The guitar reverberating slink of the slurred Bad News Blues is a list song, enumerating everywhere it’s found (newspapers, TV, at the bar, and even “all over my clothes”) as she asks who you’re going to believe, “liars and lunatics/fools and thieves/clowns and hypocrites”. And then, featuring almost shoegaze guitar lines and slide, we get to the Dylan meets Ride narcotic Man Without A Soul which, while never mentioning names, is undoubtedly an invective directed at Trump, “a man without truth, a man of greed, a man of hate, a man of envy and doubt”, Mathis twice taking off into Crazy Horse guitar solo territory as you can only hope that her prediction that “it’s not a matter of how, it’s just a matter of when/’cause it’s coming down” holds true.
By contrast, Big Black Train has a minimalist, repetitive lyric about depression set to a slow, resigned and weary country melody before the bass throbs back in on Wakin’ Up, a song about escaping domestic abuse (“he pulled my hair and then he kicks on me/Next thing, I swear/ He wants to kiss on me”) driven by a strobe-like rhythm and chainsaw guitar in an almost late 60s psychedelic blues style.
Sung in a breathy rasp, the strings-accompanied, furtive gothic prowl of Pray The Devil Back To Hell most directly draws on Robert Johnson imagery and could be seen as a thematic companion coach of that Big Black Train, but most certainly seems to address mental issues in the lines “behind these walls/There used to be a spark/But now the devil calls”.

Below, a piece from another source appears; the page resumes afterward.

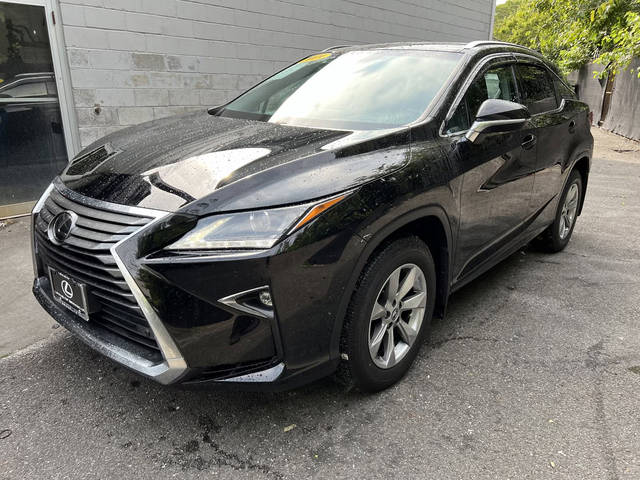 2019 Lexus RX RX 350 AWD photo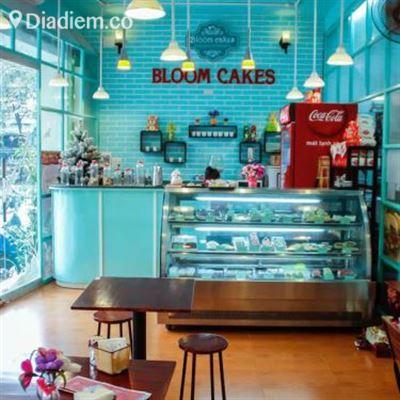 Tiệm Bánh Âu Bloom Cakes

From here, the slow-paced, muted six-minute Shadows & Doubts turns attention to a quick to judge social media led society and how so-called friends “set out to surround you” as you suddenly go from icon to pariah regardless of whether evidence exists or not, then keeping the musical mood fairly low key with puttering brushed drums, delicate keyboard trills, pedal steel and ruminative guitar, When The Way Gets Dark is a call to not give in and give up “when all the rivers have run dry” as she sings “Take my hand/You’re not alone.”
But then it’s back to a more ferocious mode with the punk-blues coloured Bone of Contention with its intermittent stabbing guitar bursts and Williams snarling out the minimal venomous lyrics like Patti Smith wrestling with Grace Jones, building to even more brutalist riffery with a transformed cover of Greg Garing’s Down Past The Bottom and from there into more low slung reverberating bass lines for the inexorable steamrollering leviathan rhythm of Big Rotator, an end of days vision with God presiding over the churn of souls and John the Revelator up on the mountain top calling an end to a world where “liars are venerated, losers congratulated/Cheaters celebrated, thieves compensated/Vultures satiated, murderers exonerated/Guilty vindicated, innocent incarcerated”.
Finally, it ends with the seven-minute plus (almost) title track prayer of Good Souls, an almost Van Morrison-like slow waltz invocation to “Keep me with all of those/who help me find strength/when I’m feeling weak”, in the hands and hearts of the saints and better angels who keep the light shining in the darkness. To which one can only say Amen. A new benchmark in her 40 years career, when it comes down to saving arseholes or good souls, the album is very clear on how the scales should be balanced.